Pittsburgh can be considered the epitome of blue collar America. Located at the confluence of the Ohio, Monongahela, and Allegheny Rivers it was an ideal place for the development of the steel industry. Individuals who toil in the giant steel mills and in the coalmines that feed those enormous furnaces know what it is to work for a living. It's also a place where that same work ethic is put into practice in sports, football in particular.
That blue-collar work ethic and passion for football also comprise the background of advisor P.J. DiNuzzo, who founded DiNuzzo Investment Advisors in Beaver, Pennsylvania, in 1989. Like many of the industry's pioneers, DiNuzzo came to the advisory profession as a second career.
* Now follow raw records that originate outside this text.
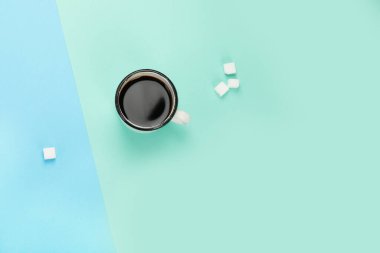 Cup of coffee on color background. Modern breakfast concept. Top view, flat lay, copy space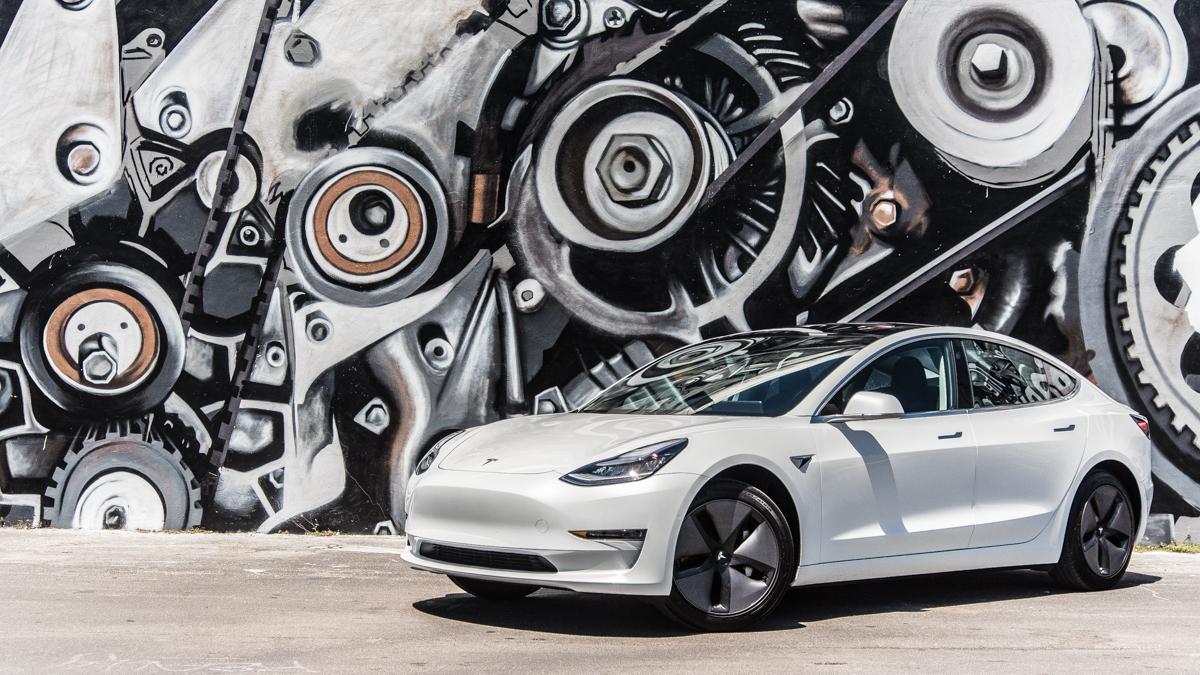 Tesla elbil med motor i bakgrunden.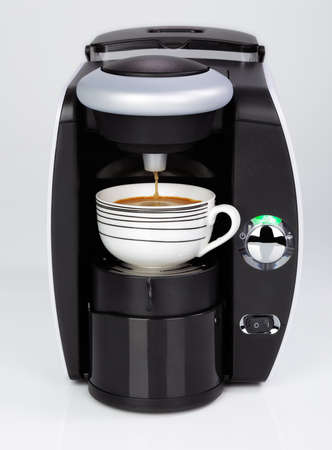 A black modern espresso coffee machine is making a coffee on a white backgroundの写真素材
In his case however, he was only 29, but had spent two decades working in his family's restaurant.
Family and Football
All four of DiNuzzo's grandparents, from Italy and Poland, left their homelands for the promise of a better life bought with sweat in the steel mills. As tough as life in the mills may have been, he says it was definitely better for his grandmother than the job she had as a teenager in Italy, where she worked in a quarry, making big rocks into little rocks with a sledgehammer.
DiNuzzo's father, after 25 years in the steel mills, craved to be his own boss and put his life savings into a buffet-style family restaurant with a small lounge and hotel. In grade school, P.J. started working there afternoons and weekends, when he wasn't playing or practicing football. He went to college on a football scholarship to Indiana University and also played one year at the University of Pittsburgh. Following his college football days, DiNuzzo went back to work in the family business, while continuing with his education.
DiNuzzo speaks fondly of the years he spent working alongside his parents and his brother in the restaurant, but he was aware at a young age that it probably wasn't what he wanted to do for his entire life, especially if he wanted to spend time with his own fledgling family, outside of work. "It's a real meat grinder of a business, seven days a week," he says with the voice of experience. "People talk about the hours they work, but 60 to 70 hour weeks are the norm in the restaurant business and you can go years without taking a week's vacation."
His father had always been a saver and had a few brokerage accounts but really didn't understand stocks and bonds or the principles of investing. Surprisingly he found that his teen-aged oldest son did and turned to him for investment guidance. With the knowledge that this was something for which he had a knack, P.J. began planning his transition from the family restaurant business to the advisory business.
After finishing his BA, he continued his education because after all the lessons he had learned in football about game preparation, he wanted to be sure that he was ready before he started to play.
"I may have gone a little bit overboard, he says of the 10-year period in which he got his bachelor's degree in business administration, two masters degrees (finance and tax law) and passed the C.P.A. exam, all the while continuing to work in the family business. He also got married and fathered three sons in that time.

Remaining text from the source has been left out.